Living in a string of camps dotted along Sudan's border with Ethiopia, most of the refugees must rely on aid to survive.
Many simply do not have the means to pay Ibrahim for his services, so he charges according to their means.
"If they can afford to pay me, I charge them. But if they don't have any money I help them free of charge," he says. "We are all one people."
As he uses the pedal to power his sewing machine, Ibrahim describes his final days in Humera.
"There was so much bombing, and there were many dead we couldn't bury," says the tailor.
Now, in Um Raquba, he worries for his elderly parents who decided to stay behind in Humera.
His work as a tailor helps him both to earn a living and to fight his sadness.
"I am no better than anyone else. I have to work to earn a living. Thank God I am alive. I saw so many dead bodies," he says.

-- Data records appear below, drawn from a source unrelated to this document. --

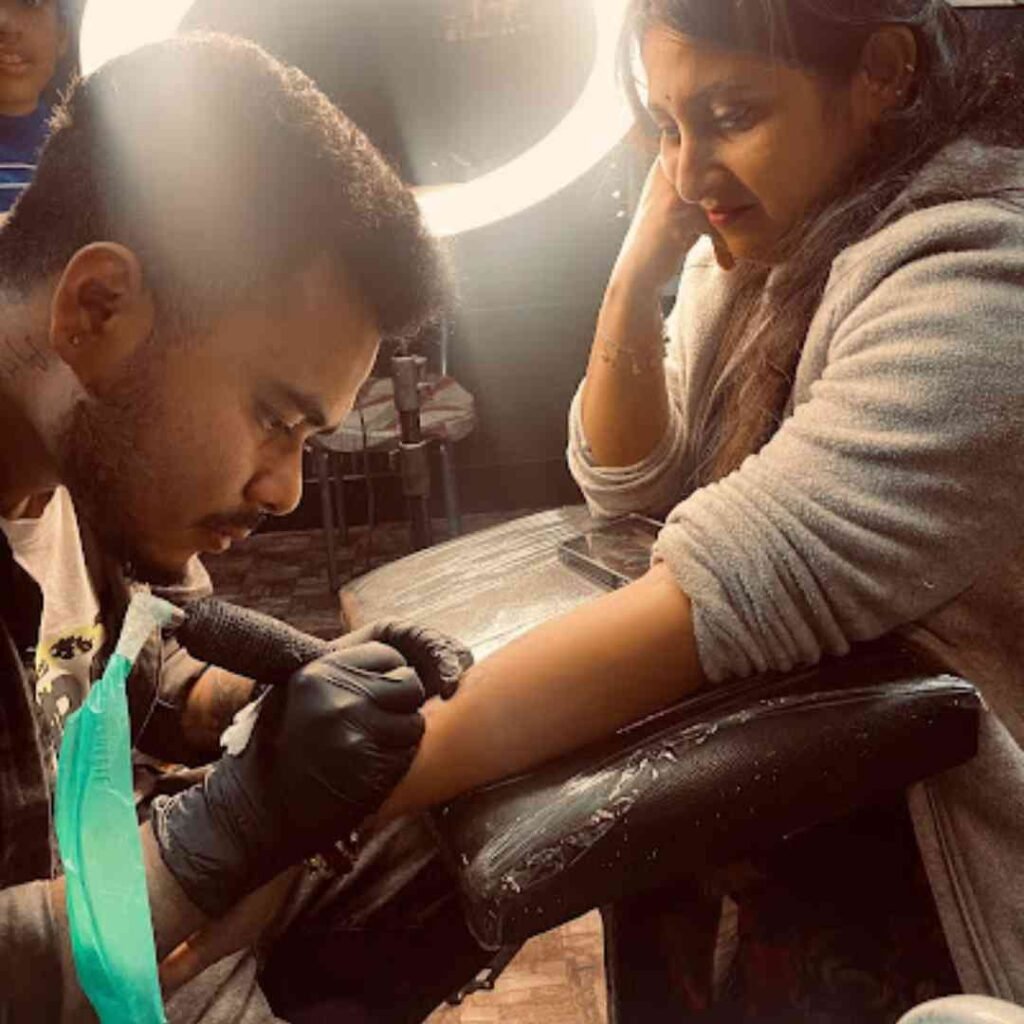 Tattoo artist souvik das creating a tattoo at dark shader tattoo studio in a clean and hygienic environment.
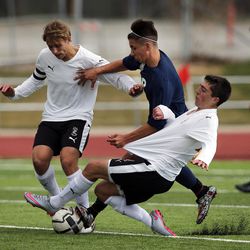 Weston Huber, left, and Matt Penrod, right, of Viewmont work against Joshua Ubico of Hunter to control the ball during high school soccer played in Bountiful, Wednesday, March 23, 2016.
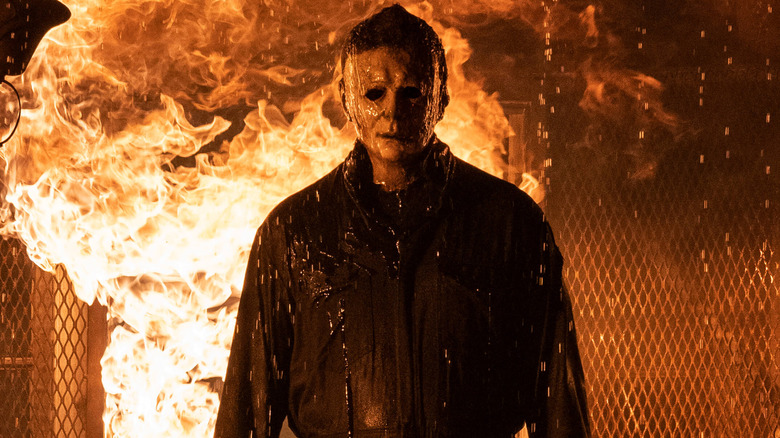 Michael Myers emerges from the burning cabin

Ibrahim's attention turns to Salam, a 25-year-old mother of three who arrives at the shop with a pair of jeans for her nine-year-old son Emmanuel that needs mending.
The shop's entrance is through a curtain made from an old grey cloth. Like many of the shelters the refugees live in, the ceilings and walls are built from plastic sheeting and brush.
With her younger son Eyoub strapped to her back in a cotton scarf, Salam tells AFP that the jeans are her eldest son's only trousers.
"I came here to fix them because there is a hole in them," she says.
"We fled Tigray to save the children's lives. But we have no other clothes to wear apart from the ones we have on. I have to fix these trousers so my son can wear them."
Ibrahim mends the hole in a matter of minutes, and charges Salam 50 Sudanese pounds (20 US cents).
Salomon, a 29-year-old man in a dusty grey T-shirt and jeans, praises Ibrahim for his work.
"He helps people," Salomon says, adding that were it not for the refugee tailor, many would have nothing to wear at all.
"He makes our garments good again."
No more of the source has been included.